Records

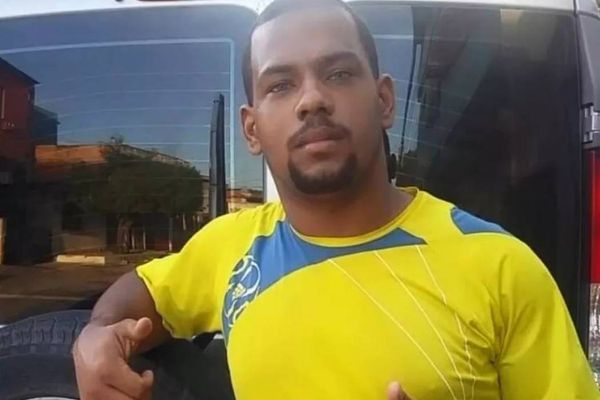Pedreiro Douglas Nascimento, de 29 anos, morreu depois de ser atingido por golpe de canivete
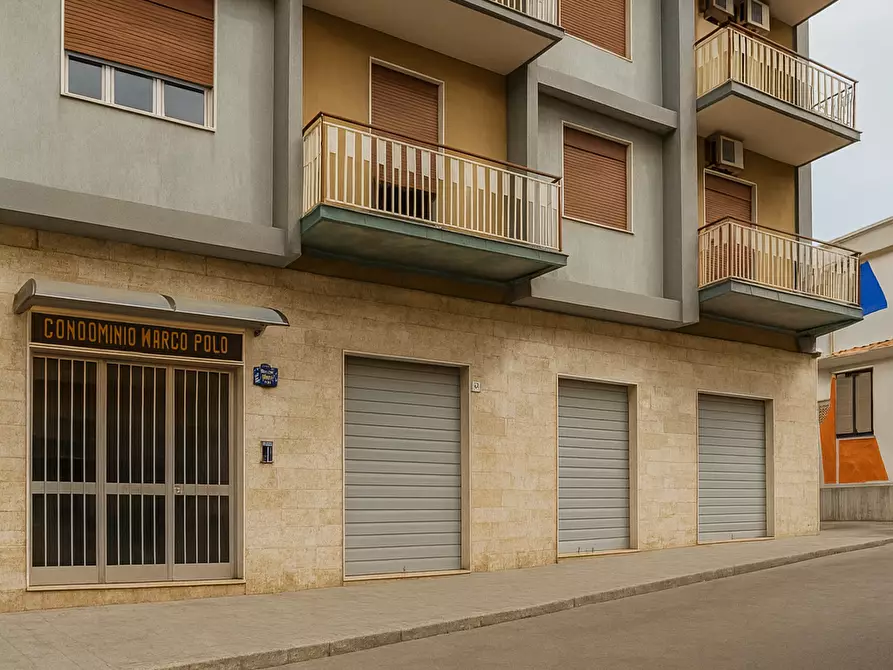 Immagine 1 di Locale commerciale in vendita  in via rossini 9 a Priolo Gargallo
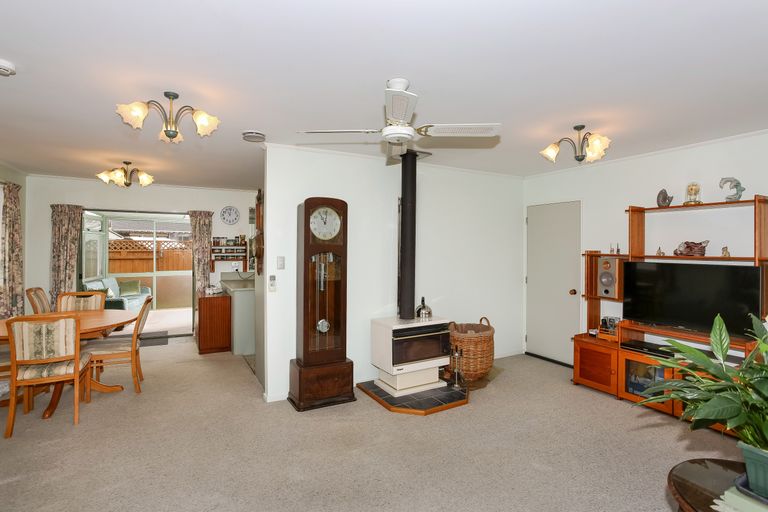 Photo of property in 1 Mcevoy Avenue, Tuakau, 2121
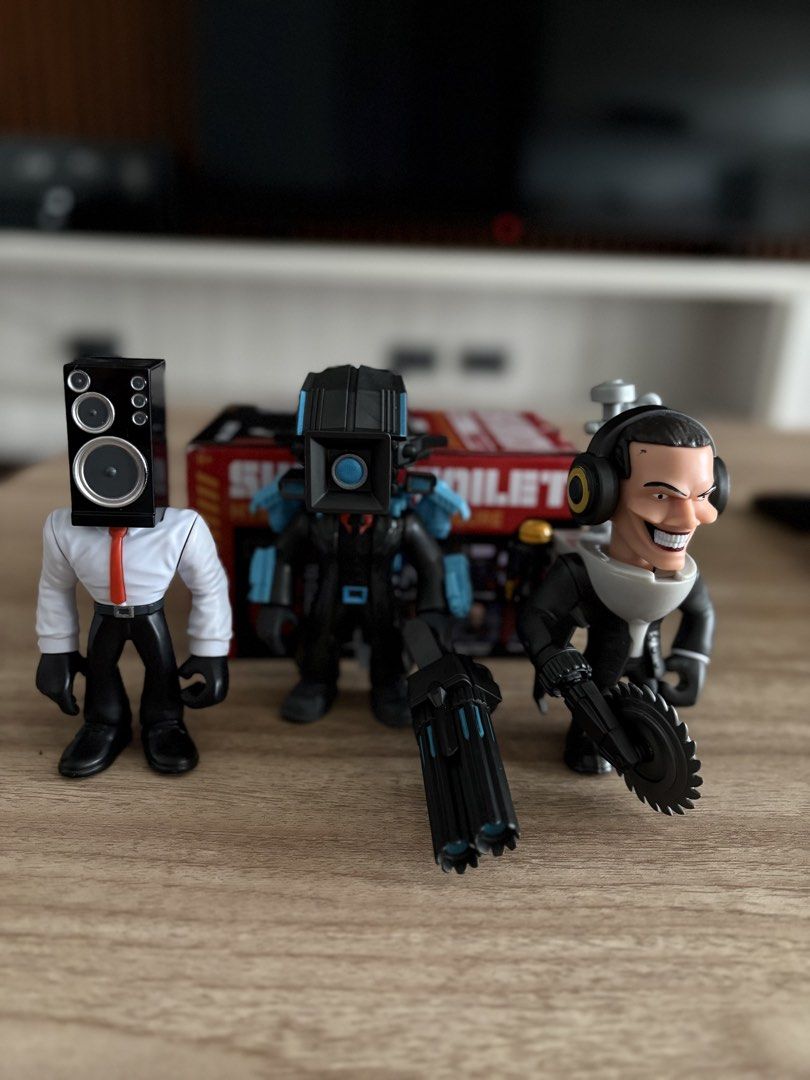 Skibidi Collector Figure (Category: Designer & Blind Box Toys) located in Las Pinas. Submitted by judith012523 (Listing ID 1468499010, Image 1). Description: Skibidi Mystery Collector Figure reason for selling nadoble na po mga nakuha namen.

* * *

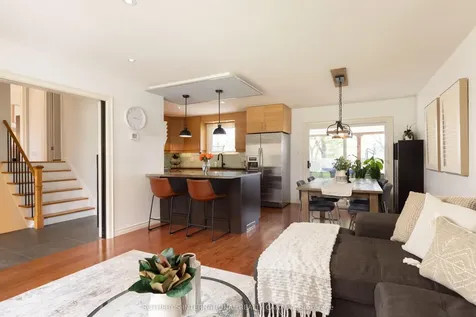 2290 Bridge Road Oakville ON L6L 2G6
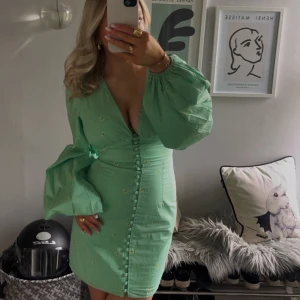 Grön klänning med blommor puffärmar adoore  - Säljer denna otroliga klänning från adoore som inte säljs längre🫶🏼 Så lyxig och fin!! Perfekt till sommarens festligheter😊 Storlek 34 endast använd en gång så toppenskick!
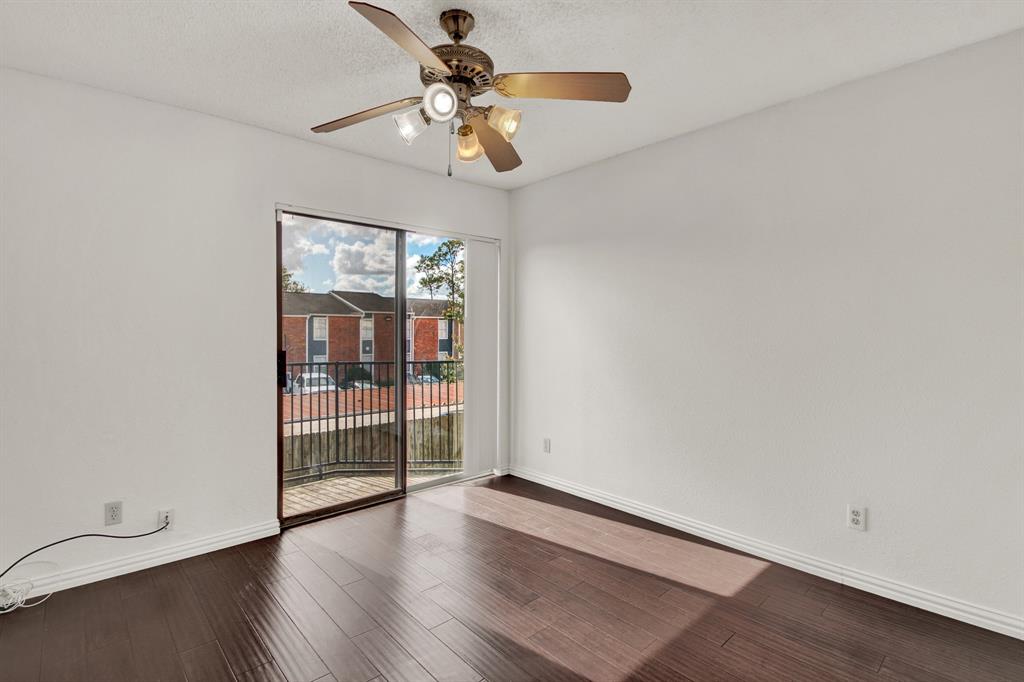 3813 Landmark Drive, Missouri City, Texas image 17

Task details
Your answer must be everything above from the line with "2290 Bridge Road Oakville ON L6L 2G6" down to the line with "3813 Landmark Drive, Missouri", word for word, and no pictures.

Response box
 2290 Bridge Road Oakville ON L6L 2G6
 Grön klänning med blommor puffärmar adoore  - Säljer denna otroliga klänning från adoore som inte säljs längre🫶🏼 Så lyxig och fin!! Perfekt till sommarens festligheter😊 Storlek 34 endast använd en gång så toppenskick!
 3813 Landmark Drive, Missouri City, Texas image 17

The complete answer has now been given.